RADIO FADING AND THE NATURAL ELECTROMAGNETIC BACKGROUND

Abstract

A comparison is made between the natural geomagnetic background in the frequency range 0.006–0.6 Hz and fluctuations of the difference in received signal strength between the two magnetoionic modes of vertically incident broad-band radio signals in the range 6–16 MHz, observed at a single station near Victoria, British Columbia. At this station the following points were observed:1. During the daytime there is often a spectral component common to the radio-signal fluctuations and to the natural geomagnetic background, even during quiet magnetic times. There is seldom phase coherence, however, except for a few minutes at a time.2. There is a small but highly significant (1%) linear correlation R = 0.33 between all the hourly mean amplitudes of the radio-signal fluctuation level and the hourly mean amplitudes of the natural geomagnetic background. The correlation coefficient rises as high as R = 0.71 at 1400–1500 local time, when only a particular hour of each day is considered.
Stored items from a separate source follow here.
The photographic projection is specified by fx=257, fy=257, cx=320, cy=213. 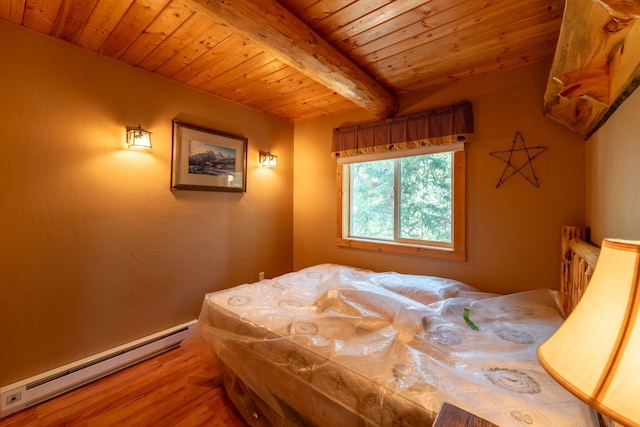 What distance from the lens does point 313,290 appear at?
200 cm

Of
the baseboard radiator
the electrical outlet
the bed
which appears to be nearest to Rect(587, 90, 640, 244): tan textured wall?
the bed

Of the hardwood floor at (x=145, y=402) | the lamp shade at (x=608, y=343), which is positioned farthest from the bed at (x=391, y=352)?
the lamp shade at (x=608, y=343)

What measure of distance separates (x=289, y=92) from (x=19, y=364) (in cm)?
281

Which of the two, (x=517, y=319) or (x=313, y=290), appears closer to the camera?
(x=517, y=319)

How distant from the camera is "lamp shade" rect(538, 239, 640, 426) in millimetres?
393

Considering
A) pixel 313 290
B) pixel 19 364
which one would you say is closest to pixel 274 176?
pixel 313 290

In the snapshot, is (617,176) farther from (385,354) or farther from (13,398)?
(13,398)

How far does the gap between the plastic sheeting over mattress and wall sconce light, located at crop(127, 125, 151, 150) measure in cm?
133

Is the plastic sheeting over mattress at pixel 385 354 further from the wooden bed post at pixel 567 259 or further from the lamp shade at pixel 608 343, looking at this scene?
the lamp shade at pixel 608 343

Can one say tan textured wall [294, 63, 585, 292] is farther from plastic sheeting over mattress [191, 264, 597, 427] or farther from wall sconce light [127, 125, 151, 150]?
wall sconce light [127, 125, 151, 150]

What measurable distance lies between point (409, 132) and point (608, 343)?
7.38ft

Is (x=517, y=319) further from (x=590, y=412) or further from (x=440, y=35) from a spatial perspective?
(x=440, y=35)

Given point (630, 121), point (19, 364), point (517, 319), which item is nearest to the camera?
point (630, 121)

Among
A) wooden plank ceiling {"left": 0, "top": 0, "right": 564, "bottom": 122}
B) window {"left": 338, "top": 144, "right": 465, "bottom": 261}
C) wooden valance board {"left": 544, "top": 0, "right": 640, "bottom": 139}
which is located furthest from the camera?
window {"left": 338, "top": 144, "right": 465, "bottom": 261} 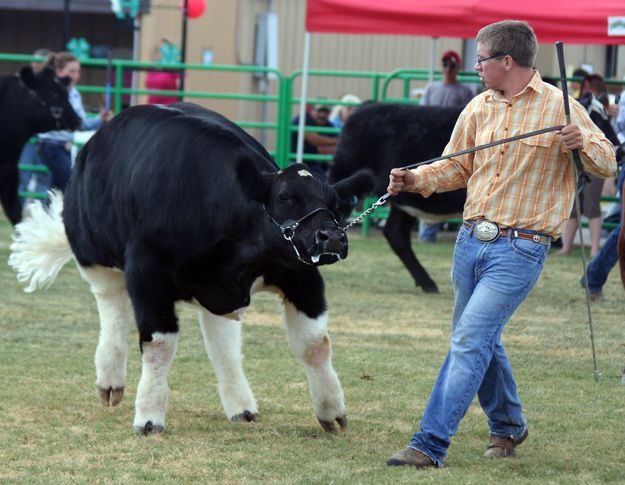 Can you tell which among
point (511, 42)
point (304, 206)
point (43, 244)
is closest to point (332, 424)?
point (304, 206)

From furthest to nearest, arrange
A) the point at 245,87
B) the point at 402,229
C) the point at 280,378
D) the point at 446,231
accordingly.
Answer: the point at 245,87
the point at 446,231
the point at 402,229
the point at 280,378

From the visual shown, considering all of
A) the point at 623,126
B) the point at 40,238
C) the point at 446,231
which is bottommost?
the point at 446,231

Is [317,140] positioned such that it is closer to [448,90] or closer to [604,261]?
[448,90]

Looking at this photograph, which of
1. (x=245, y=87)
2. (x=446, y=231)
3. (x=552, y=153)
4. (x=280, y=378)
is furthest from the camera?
(x=245, y=87)

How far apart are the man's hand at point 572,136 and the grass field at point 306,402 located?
4.24ft

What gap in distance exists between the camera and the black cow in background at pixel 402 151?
10.5 meters

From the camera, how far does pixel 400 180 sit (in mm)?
4891

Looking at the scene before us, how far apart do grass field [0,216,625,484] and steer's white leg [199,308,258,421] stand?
0.11m

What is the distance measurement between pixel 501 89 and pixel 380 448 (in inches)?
64.0

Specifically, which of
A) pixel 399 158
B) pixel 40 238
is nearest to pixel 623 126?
pixel 399 158

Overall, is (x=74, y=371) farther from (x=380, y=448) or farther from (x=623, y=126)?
(x=623, y=126)

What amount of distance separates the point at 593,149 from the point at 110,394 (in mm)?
2830

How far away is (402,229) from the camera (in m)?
10.7

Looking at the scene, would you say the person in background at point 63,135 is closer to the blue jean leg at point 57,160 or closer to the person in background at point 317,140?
the blue jean leg at point 57,160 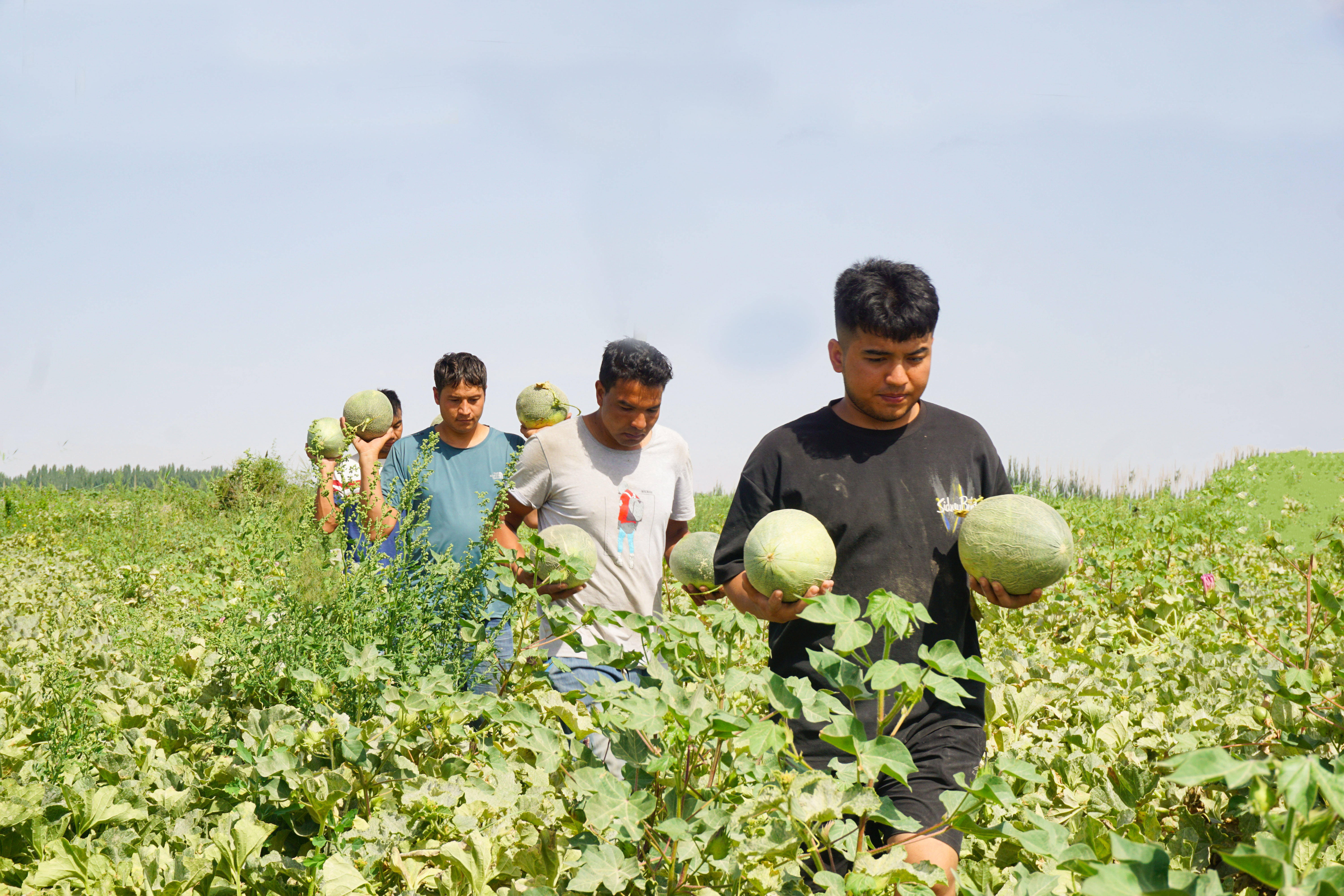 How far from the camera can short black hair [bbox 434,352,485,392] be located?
4.68 meters

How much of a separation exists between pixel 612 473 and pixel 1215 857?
7.62 ft

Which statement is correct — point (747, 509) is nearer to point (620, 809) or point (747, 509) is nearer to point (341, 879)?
point (620, 809)

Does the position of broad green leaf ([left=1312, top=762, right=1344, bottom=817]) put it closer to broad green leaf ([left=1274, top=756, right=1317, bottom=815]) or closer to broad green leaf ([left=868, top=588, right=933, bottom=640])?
broad green leaf ([left=1274, top=756, right=1317, bottom=815])

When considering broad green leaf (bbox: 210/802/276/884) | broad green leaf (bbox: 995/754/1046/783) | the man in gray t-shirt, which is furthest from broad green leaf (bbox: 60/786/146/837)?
broad green leaf (bbox: 995/754/1046/783)

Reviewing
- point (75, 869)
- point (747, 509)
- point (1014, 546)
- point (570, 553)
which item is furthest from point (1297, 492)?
point (75, 869)

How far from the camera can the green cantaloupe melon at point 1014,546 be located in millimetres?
2449

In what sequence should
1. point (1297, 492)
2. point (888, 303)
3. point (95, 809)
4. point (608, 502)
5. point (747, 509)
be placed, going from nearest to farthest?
1. point (95, 809)
2. point (888, 303)
3. point (747, 509)
4. point (608, 502)
5. point (1297, 492)

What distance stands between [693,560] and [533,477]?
86 centimetres

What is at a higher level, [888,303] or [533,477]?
[888,303]

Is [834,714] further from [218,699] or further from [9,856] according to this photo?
[218,699]

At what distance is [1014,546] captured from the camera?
2.44m

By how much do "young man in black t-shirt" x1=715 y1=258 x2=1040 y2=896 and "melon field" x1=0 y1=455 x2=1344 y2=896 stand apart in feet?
0.60

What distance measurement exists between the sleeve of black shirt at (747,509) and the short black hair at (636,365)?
95cm

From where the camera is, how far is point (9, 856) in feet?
7.56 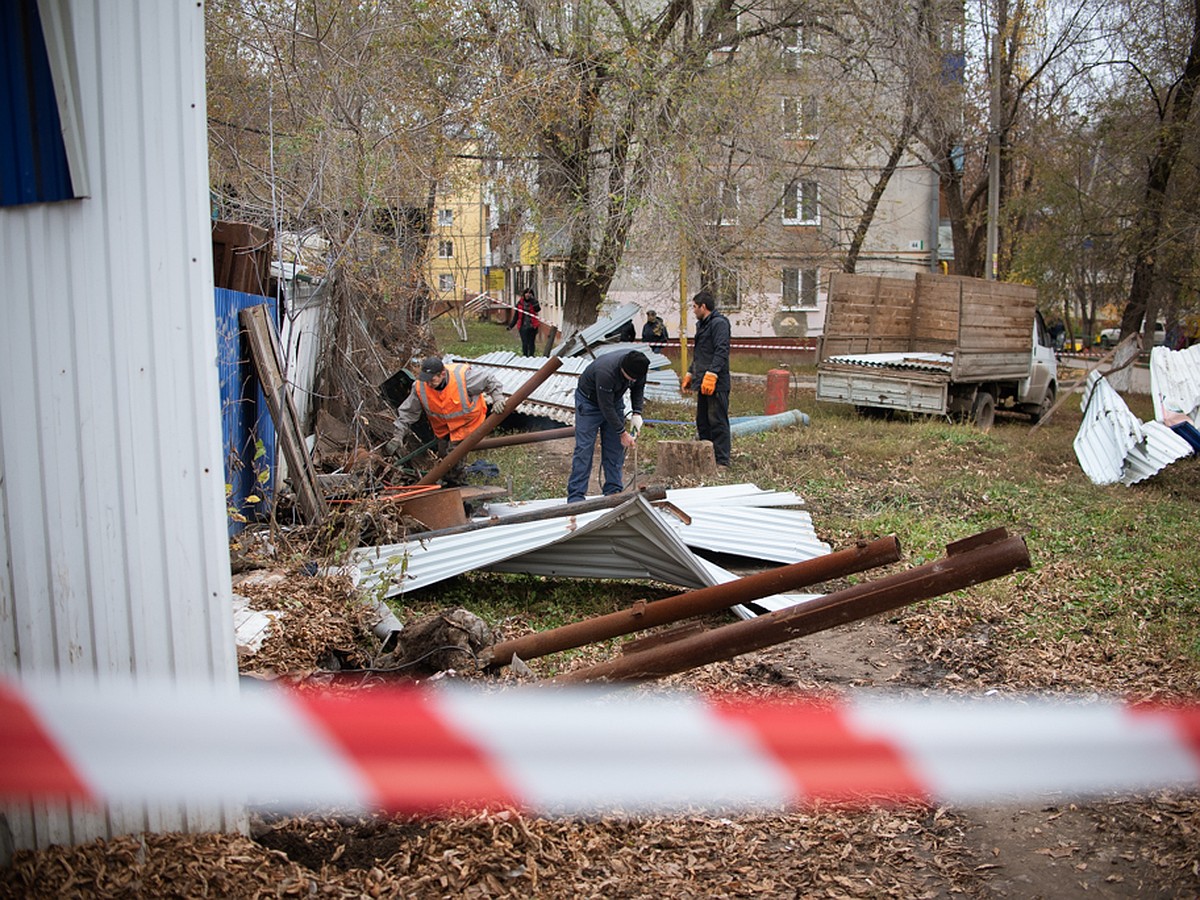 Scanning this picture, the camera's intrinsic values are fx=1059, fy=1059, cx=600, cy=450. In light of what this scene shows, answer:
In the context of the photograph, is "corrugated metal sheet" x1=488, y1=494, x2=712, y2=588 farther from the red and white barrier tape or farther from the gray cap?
the red and white barrier tape

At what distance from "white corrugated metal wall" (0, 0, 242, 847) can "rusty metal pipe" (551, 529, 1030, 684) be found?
1.40 m

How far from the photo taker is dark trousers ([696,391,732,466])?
1123cm

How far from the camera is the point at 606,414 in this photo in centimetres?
895

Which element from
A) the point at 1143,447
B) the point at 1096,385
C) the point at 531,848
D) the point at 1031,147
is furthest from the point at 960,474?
the point at 1031,147

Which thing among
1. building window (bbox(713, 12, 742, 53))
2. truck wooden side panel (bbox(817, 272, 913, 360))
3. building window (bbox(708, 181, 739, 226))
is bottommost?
truck wooden side panel (bbox(817, 272, 913, 360))

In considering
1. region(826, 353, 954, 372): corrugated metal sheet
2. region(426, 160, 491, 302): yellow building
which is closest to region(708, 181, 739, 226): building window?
region(826, 353, 954, 372): corrugated metal sheet

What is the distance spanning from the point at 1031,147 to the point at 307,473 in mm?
21507

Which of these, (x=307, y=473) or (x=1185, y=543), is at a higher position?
(x=307, y=473)

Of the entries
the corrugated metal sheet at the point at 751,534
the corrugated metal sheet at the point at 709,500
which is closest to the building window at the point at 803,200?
the corrugated metal sheet at the point at 709,500

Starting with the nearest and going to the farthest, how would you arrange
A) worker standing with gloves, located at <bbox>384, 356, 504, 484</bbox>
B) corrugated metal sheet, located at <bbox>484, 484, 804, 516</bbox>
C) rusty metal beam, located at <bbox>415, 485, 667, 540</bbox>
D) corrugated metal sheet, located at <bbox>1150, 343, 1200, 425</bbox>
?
rusty metal beam, located at <bbox>415, 485, 667, 540</bbox> < corrugated metal sheet, located at <bbox>484, 484, 804, 516</bbox> < worker standing with gloves, located at <bbox>384, 356, 504, 484</bbox> < corrugated metal sheet, located at <bbox>1150, 343, 1200, 425</bbox>

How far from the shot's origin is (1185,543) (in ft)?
26.4

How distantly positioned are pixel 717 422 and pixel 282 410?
17.7 ft

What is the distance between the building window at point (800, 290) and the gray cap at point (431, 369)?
24.4 metres

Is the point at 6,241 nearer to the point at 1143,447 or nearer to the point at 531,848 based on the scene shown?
the point at 531,848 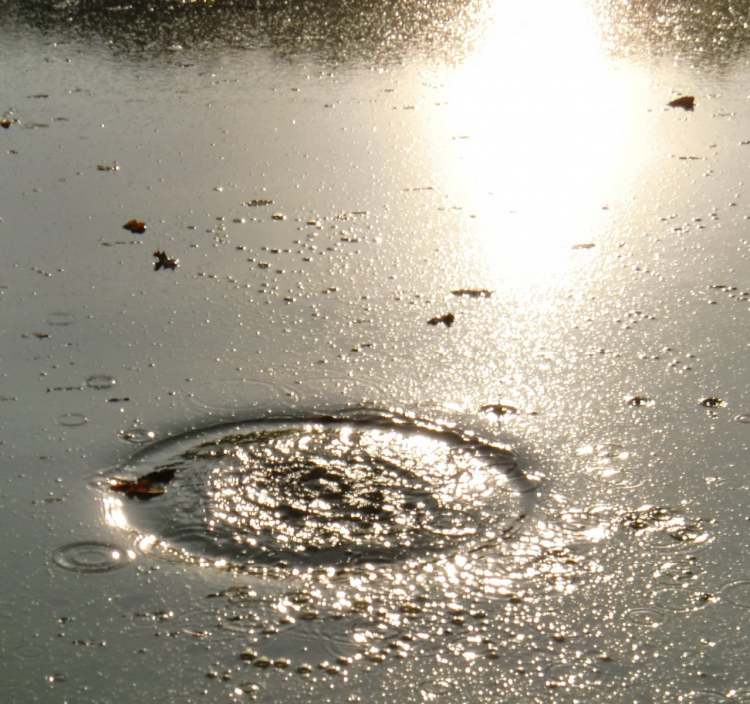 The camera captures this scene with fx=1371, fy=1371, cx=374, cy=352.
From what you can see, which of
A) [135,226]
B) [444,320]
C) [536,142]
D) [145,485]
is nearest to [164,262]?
[135,226]

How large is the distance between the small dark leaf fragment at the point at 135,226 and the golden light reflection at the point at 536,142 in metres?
1.16

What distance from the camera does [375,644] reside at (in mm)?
2773

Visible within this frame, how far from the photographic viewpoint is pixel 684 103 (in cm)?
621

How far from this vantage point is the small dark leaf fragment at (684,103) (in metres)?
6.18

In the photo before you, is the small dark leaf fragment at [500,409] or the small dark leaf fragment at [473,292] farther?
the small dark leaf fragment at [473,292]

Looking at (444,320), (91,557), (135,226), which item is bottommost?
(91,557)

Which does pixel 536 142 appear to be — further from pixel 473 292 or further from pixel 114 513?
pixel 114 513

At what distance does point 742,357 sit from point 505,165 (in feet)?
5.87

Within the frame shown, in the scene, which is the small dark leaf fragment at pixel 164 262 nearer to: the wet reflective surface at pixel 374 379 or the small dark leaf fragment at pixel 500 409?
the wet reflective surface at pixel 374 379

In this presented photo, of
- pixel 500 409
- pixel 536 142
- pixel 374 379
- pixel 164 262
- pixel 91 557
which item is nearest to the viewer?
pixel 91 557

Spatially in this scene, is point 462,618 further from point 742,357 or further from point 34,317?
point 34,317

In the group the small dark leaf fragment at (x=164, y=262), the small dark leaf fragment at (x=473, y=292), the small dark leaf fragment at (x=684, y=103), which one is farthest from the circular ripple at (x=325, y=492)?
the small dark leaf fragment at (x=684, y=103)

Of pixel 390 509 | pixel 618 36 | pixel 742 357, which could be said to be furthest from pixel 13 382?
pixel 618 36

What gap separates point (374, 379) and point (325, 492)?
0.66m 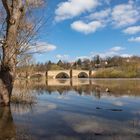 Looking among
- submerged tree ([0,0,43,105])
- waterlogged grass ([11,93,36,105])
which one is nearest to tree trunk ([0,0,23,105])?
submerged tree ([0,0,43,105])

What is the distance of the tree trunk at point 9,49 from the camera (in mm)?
17328

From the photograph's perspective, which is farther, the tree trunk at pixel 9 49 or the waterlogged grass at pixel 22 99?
the waterlogged grass at pixel 22 99

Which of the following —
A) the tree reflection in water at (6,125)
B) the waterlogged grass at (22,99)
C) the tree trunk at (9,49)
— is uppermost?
the tree trunk at (9,49)

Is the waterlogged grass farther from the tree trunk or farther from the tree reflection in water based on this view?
the tree reflection in water

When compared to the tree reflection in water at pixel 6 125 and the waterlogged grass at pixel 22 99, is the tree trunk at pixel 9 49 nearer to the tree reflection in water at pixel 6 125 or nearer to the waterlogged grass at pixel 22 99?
the tree reflection in water at pixel 6 125

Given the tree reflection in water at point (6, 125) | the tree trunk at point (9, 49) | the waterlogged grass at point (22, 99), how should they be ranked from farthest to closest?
the waterlogged grass at point (22, 99), the tree trunk at point (9, 49), the tree reflection in water at point (6, 125)

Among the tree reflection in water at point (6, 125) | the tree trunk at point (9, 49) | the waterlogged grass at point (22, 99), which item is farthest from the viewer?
the waterlogged grass at point (22, 99)

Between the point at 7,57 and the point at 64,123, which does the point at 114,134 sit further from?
the point at 7,57

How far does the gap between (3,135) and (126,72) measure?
352ft

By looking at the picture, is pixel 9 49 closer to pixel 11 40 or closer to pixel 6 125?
pixel 11 40

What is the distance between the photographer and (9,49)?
56.6 ft

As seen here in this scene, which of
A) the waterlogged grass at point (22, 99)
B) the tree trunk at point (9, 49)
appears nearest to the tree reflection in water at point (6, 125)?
the tree trunk at point (9, 49)

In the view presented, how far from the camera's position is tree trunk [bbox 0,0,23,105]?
56.9 feet

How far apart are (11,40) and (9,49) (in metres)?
0.51
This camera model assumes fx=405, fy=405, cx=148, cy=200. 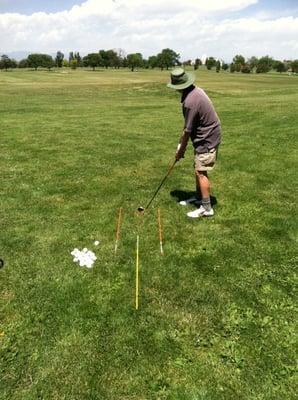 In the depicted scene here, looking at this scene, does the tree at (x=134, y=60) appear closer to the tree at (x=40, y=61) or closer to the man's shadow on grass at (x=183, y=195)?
the tree at (x=40, y=61)

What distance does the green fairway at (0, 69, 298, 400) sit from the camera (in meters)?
5.43

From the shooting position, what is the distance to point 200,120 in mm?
9031

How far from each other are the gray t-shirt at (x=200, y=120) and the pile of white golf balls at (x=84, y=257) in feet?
11.1

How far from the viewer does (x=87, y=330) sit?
6.18 metres

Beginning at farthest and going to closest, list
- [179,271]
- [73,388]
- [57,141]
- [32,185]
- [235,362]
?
1. [57,141]
2. [32,185]
3. [179,271]
4. [235,362]
5. [73,388]

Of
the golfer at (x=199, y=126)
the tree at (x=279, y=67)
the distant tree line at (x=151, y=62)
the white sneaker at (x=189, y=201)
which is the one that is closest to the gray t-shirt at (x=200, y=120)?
the golfer at (x=199, y=126)

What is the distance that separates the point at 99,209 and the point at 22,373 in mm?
5435

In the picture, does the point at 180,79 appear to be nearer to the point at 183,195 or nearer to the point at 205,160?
the point at 205,160

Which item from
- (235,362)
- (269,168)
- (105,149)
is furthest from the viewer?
(105,149)

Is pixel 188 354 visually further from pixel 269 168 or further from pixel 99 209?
pixel 269 168

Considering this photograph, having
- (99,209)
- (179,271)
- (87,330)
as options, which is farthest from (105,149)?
(87,330)

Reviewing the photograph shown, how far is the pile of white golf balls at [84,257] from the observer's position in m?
7.88

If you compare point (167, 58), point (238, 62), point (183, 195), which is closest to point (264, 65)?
point (238, 62)

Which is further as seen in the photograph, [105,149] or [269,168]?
[105,149]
It is concluded that geomagnetic micropulsations in this frequency range are a better indicator of r-f. fluctuations than is the local K_p.3. At night, there is a relationship between the occurrence of P_t's and of r-f. fluctuation, although their frequency components are not usually as closely related as are those of the daytime regimes.It is suggested that geomagnetic micropulsations can couple exospheric or auroral zone fluctuations into the upper E or F regions strongly enough to produce observable radio-signal fluctuations at mid-latitudes, even during magnetically quiet times.Lack of correlation between micropulsations and phase fluctuations of 18 kHz signals observed over an E–W 100-km path, and 80 kHz observed over an E–W 3 300-km path suggests that significant coupling does not extend down to the D region during magnetically quiet times.